Many activists see this approach as a rejection of young children’s transgender identities, and Zucker as its regressive standard-bearer. As a result, the GIC had been tarred for years as a “conversion” or “reparative” therapy clinic — terms which conjure images of outfits operated out of backwoods shacks in the Bible Belt. Responding to what felt like a surge in this line of criticism from activists, CAMH had agreed in February of 2015 to commission an External Review that would evaluate the clinic’s operations, and possibly, Zucker and his staffers knew, determine its future. CAMH had already taken actions suggesting that that future might be dim: In June of 2014, the hospital closed the GIC’s approximately 80-family waitlist (for being too long, administrators said), and about two months before Zucker’s vacation was interrupted, the clinic’s only other full-time staffer, the psychologist Dr. Hayley Wood, was laid off on her first day back from maternity leave. (Wood declined to comment for this article.)
And now BBC used him in their documentary on trans children and is drawing a lot of fire for it.
Transgender activists concerned about film featuring former CAMH psychologist Ken Zucker
Thousands sign petition for expert review of documentary featuring former director of Gender Identity Centre
CBC News
By Michelle Cheung,
Posted: Jan 12, 2017
A documentary scheduled to air on British television Thursday is raising concerns among transgender activists in this city, partly because it features a Toronto psychologist widely accused of trying to prevent transgender children from getting sex reassignment treatment.

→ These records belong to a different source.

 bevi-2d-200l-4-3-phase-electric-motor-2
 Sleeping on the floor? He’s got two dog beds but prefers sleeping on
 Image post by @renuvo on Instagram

As of this writing, almost 11,000 people have signed an online petition demanding that the BBC2 documentary Transgender Kids: Who Knows Best? be independently reviewed by an expert before it airs.

"Ultimately, this TV show could spark a trail of prejudice; belittling transgender children, leading them to not being socially accepted by society," wrote Lucas Johnston, on his petition.

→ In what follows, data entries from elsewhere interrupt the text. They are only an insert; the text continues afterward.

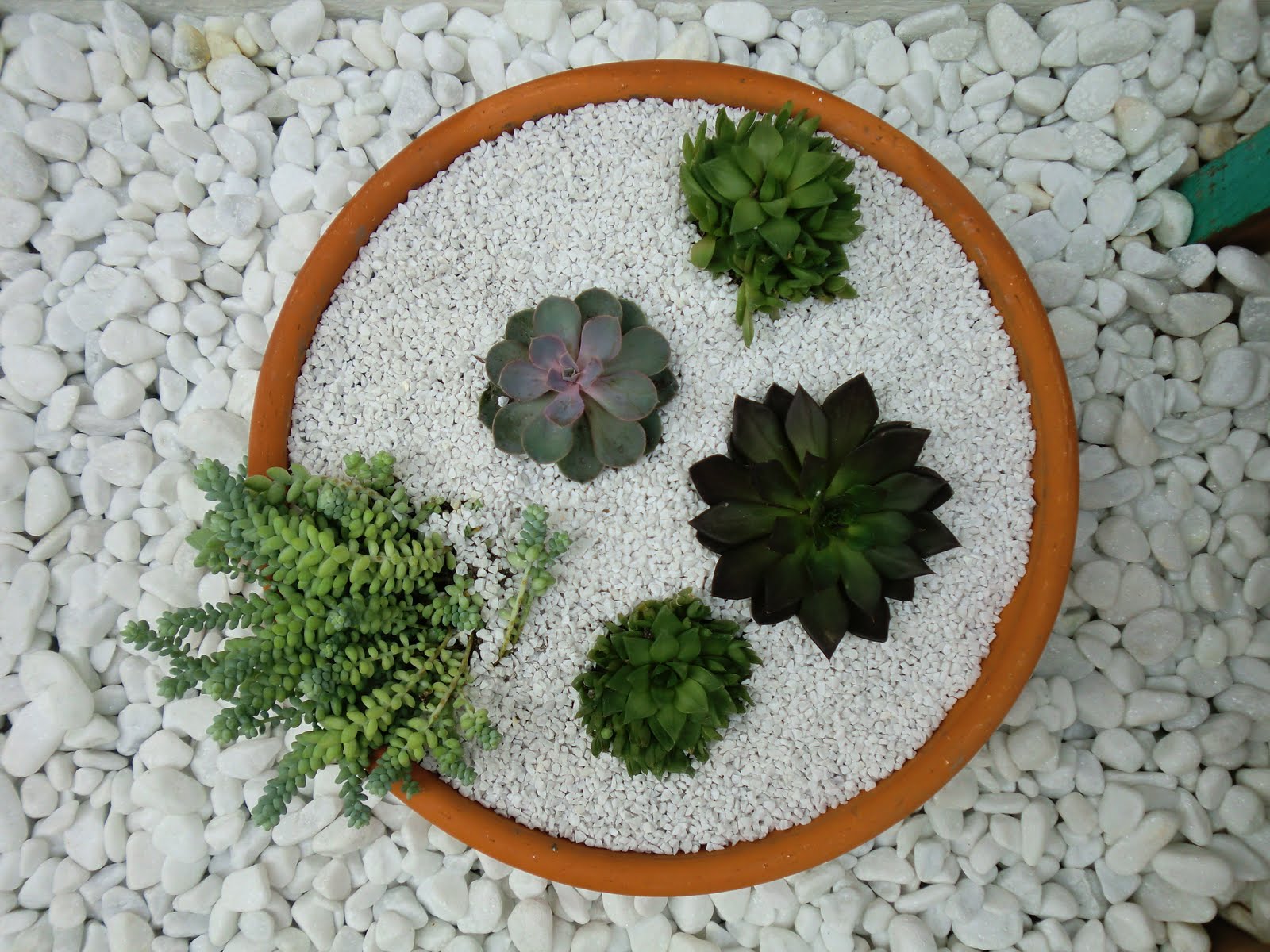 plantas jardim pouca manutencaoDetalhes da Casa – Jardim de baixa plantas jardim pouca manutencaoDetalhes da Casa – Jardim de baixa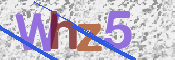 Kontrolní text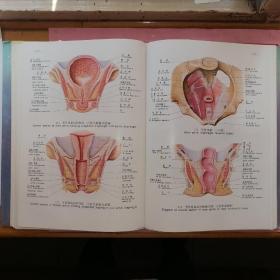 人体解剖彩色图谱【大16开•精装本】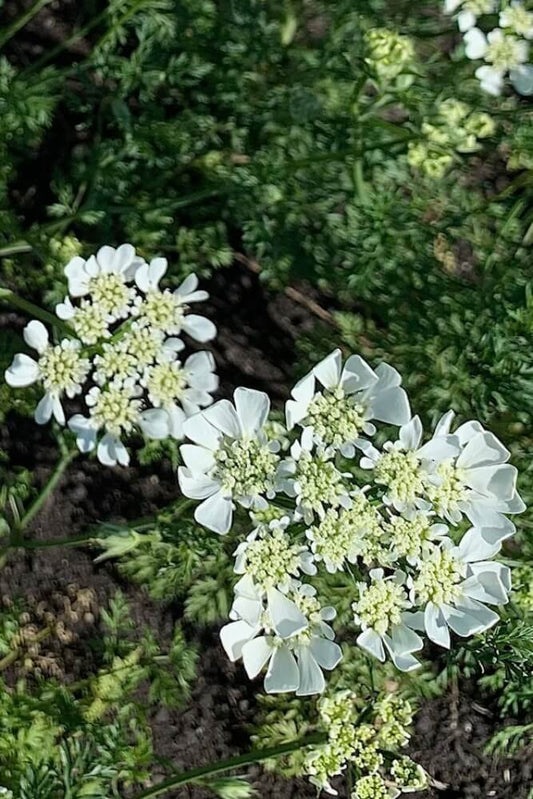 Spitzenblume - Orlaya grandiflora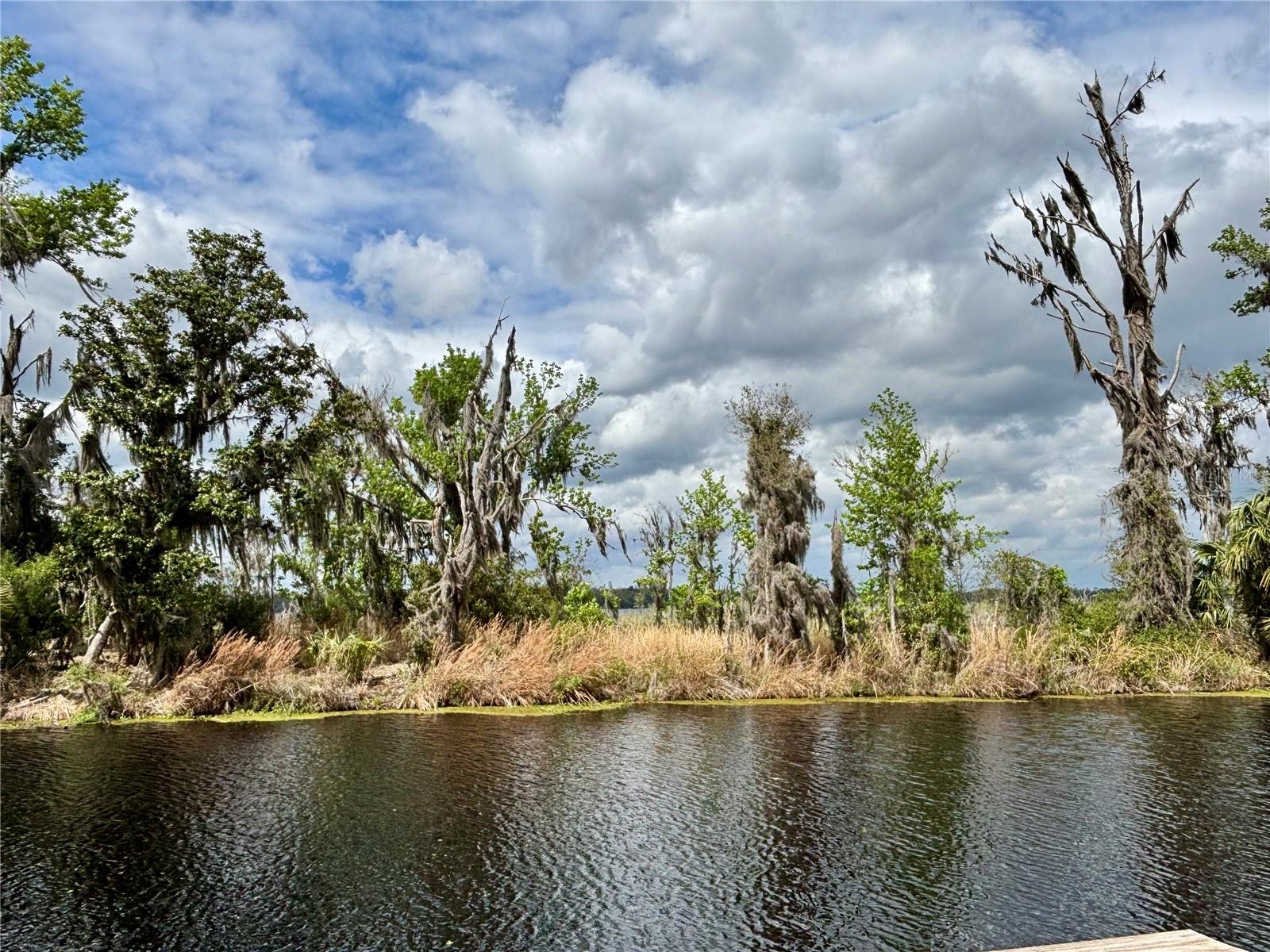 Image 34 of 35 For 216 Little Orange Lake Drive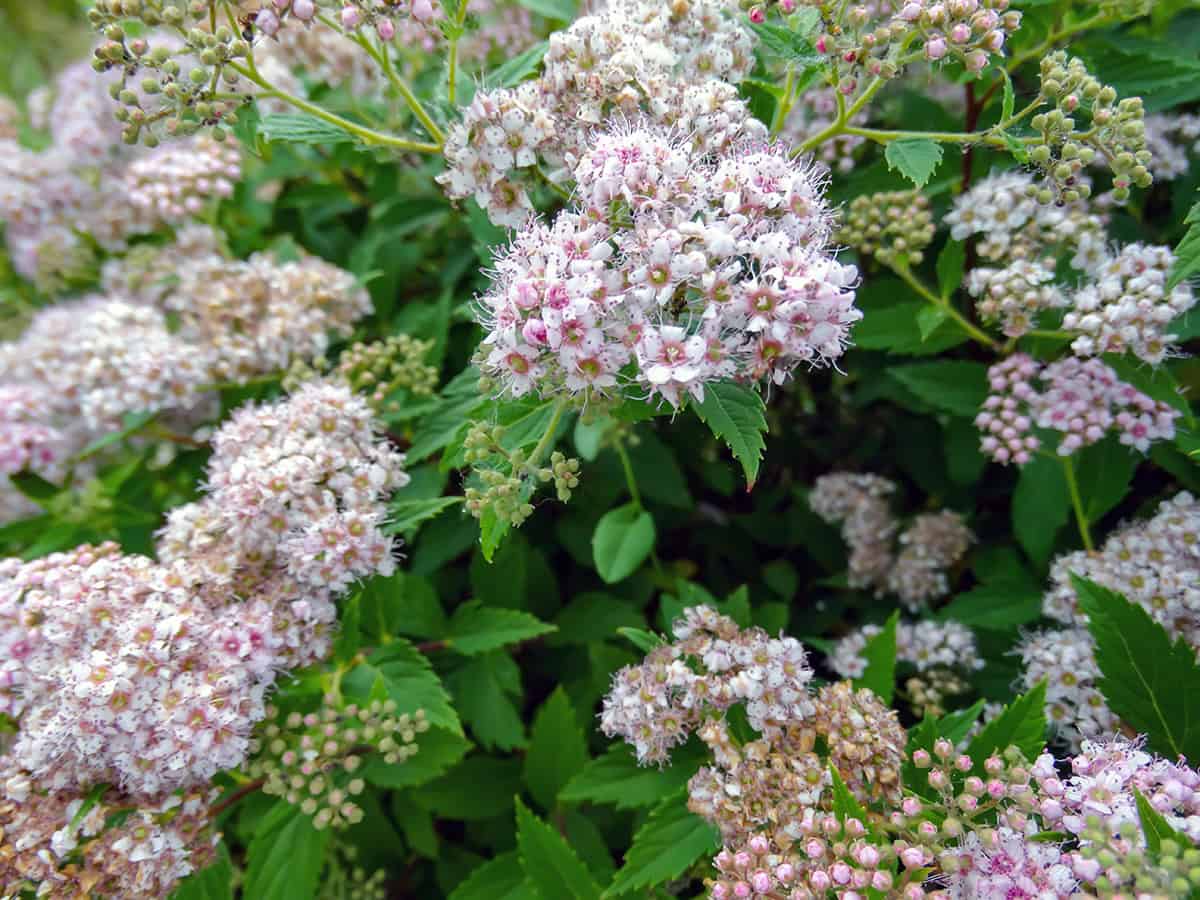 Spirea japonica ‘Little Princess’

Johnston's concerns stem from the documentary's interview with Dr. Kenneth Zucker, the former director of the Child Youth and Family Gender Identity Clinic at the Centre for Addiction and Mental Health. In December 2015, CAMH announced it was "winding down" the clinic and Zucker was no longer employed there.
Some transgender activists have suggested the Gender Identity Clinic for youth Zucker ran was practising "conversion" or "reparative therapy," which counsels queer youth to accept their biological sex, an accusation clinic staff denied.
Conversion or reparative therapy is being banned in more and more states here in the U.S.

I hope the documentary fades away but I have a feeling that the show will be used by the opposition against us.